Я снова попыталась урезонить его: посуди сам, к чему спешить и сразу хвататься за пистолет? Это дело солдат, такая уж у них служба. И где еще, как не в комнате брата, запереть его? Ну же, не перечь, ведь иного выхода нет. В общем, мне удалось убедить сына, и мы наконец собрались ужинать. Он, кажется, и вправду смирился, и даже невестка скрепя сердце дала согласие и пошла накрывать на стол, а мы с сыном тем временем повели пленного в комнату — дети, которые сгорали от любопытства, увязались за нами — и, оставив его там, закрыли дверь и трижды повернули ключ в замке.

Это был странный ужин: каждый делал вид, что все идет своим чередом, и старался выкинуть мальчика из головы. Пару раз я вставала из-за стола — якобы сходить послушать, что происходит за дверью, но из комнаты, неожиданно превратившейся в тюремную камеру, не доносилось ни звука, и я возвращалась на кухню. Когда из-за стола поднимались мой сын, невестка или внуки, я провожала их долгим взглядом, зная, что они идут проведать пленного. Однако для беспокойства не было причин, и эти наши вылазки, которые продолжались до конца ужина, оказались напрасными. Мальчик, наверное, смертельно устал и сразу заснул, вот и мы можем спокойно ложиться в кровать, хлопоты начнутся завтра.

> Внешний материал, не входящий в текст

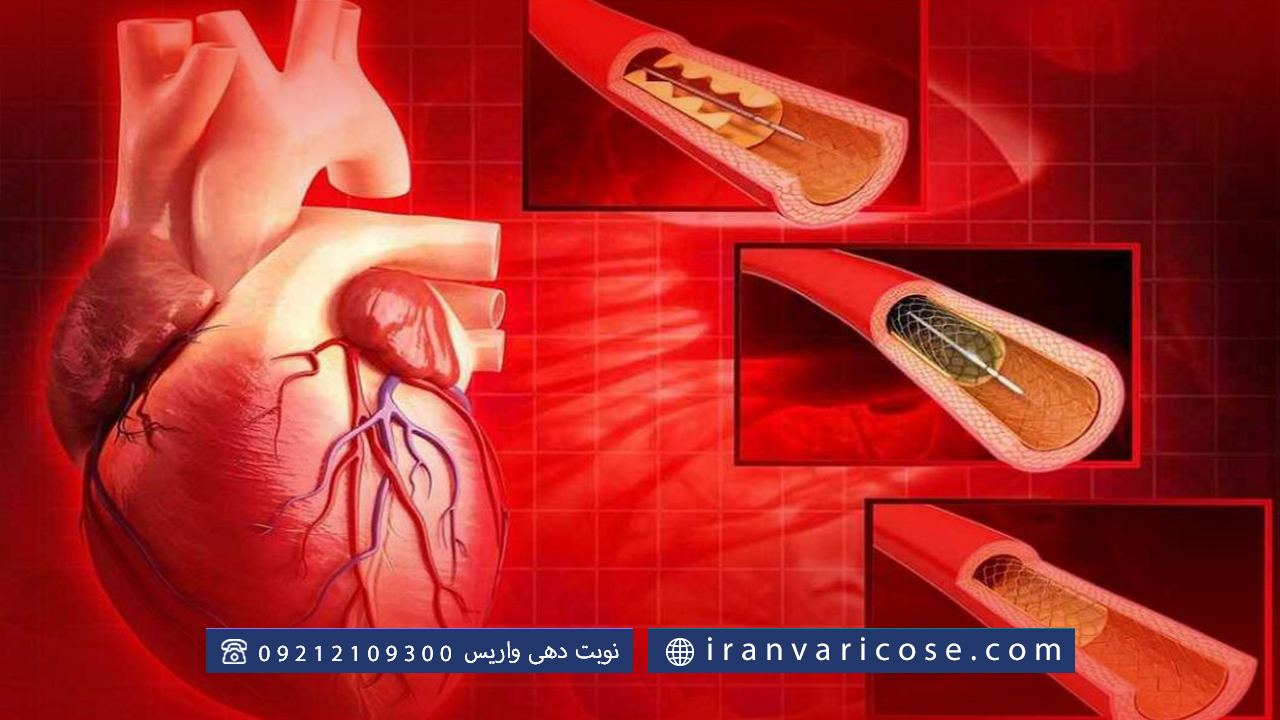 کاربردهای جراحی اندوواسکولار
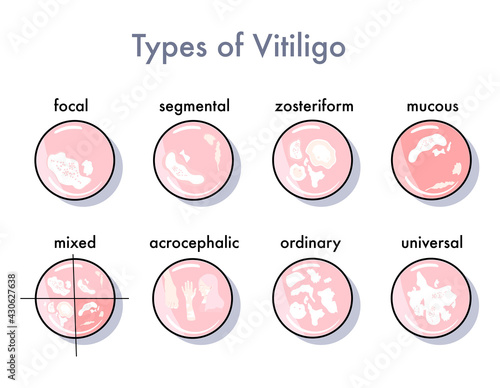 Types of vitiligo infographic icons Options for the spread and manifestation of the skin disease.Pigmentation problem.Patchy loss of derma color.   Vector in flat style. Psoriasis. Medical banner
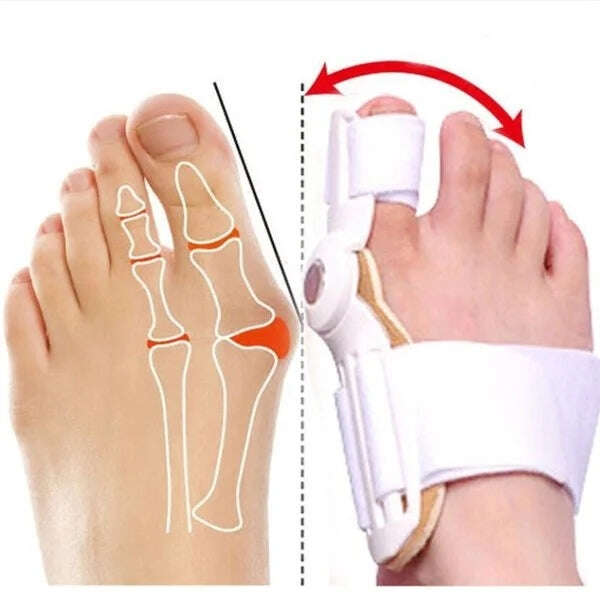 【Doctor recommended】Bunion Corrector para homens e mulheres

Не знаю, как остальные, но я места себе не находила, и на душе у меня было тревожно. В ту ночь я погасила свет гораздо позже обычного и, лежа под одеялом, все ворочалась, прислушивалась, готовая выскочить из постели при малейшем шорохе. Но сон накатывал тяжелыми, властными волнами и под конец сморил меня, мысли улетучились, расплылся в тумане и наш пленный.